-------- Exercise input --------

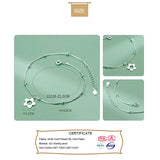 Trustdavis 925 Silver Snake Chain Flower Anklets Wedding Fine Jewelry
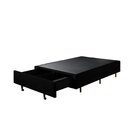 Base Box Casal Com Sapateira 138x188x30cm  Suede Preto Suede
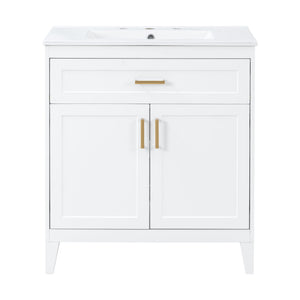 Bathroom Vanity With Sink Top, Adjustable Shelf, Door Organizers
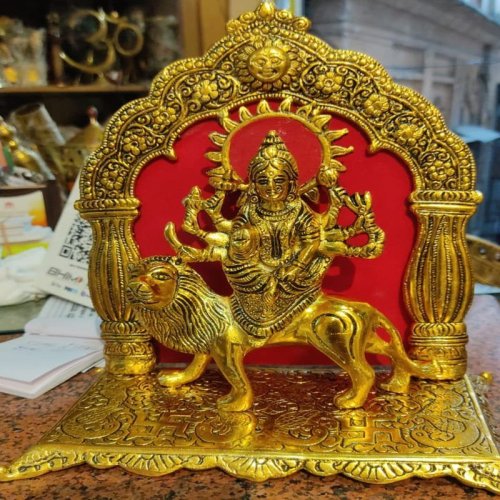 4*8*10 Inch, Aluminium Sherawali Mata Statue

--------
-------- Exercise input --------

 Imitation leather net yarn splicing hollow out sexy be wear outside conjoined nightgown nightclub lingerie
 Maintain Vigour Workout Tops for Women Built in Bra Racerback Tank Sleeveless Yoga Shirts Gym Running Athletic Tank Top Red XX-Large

--------

> **Brief**
"Bathroom Vanity With" marks the first line to copy, and "4*8*10 Inch, Aluminium Sherawali Mata Statue" marks the last. Repeat that stretch above exactly, with no pictures.

> **Response below**
 Bathroom Vanity With Sink Top, Adjustable Shelf, Door Organizers
 4*8*10 Inch, Aluminium Sherawali Mata Statue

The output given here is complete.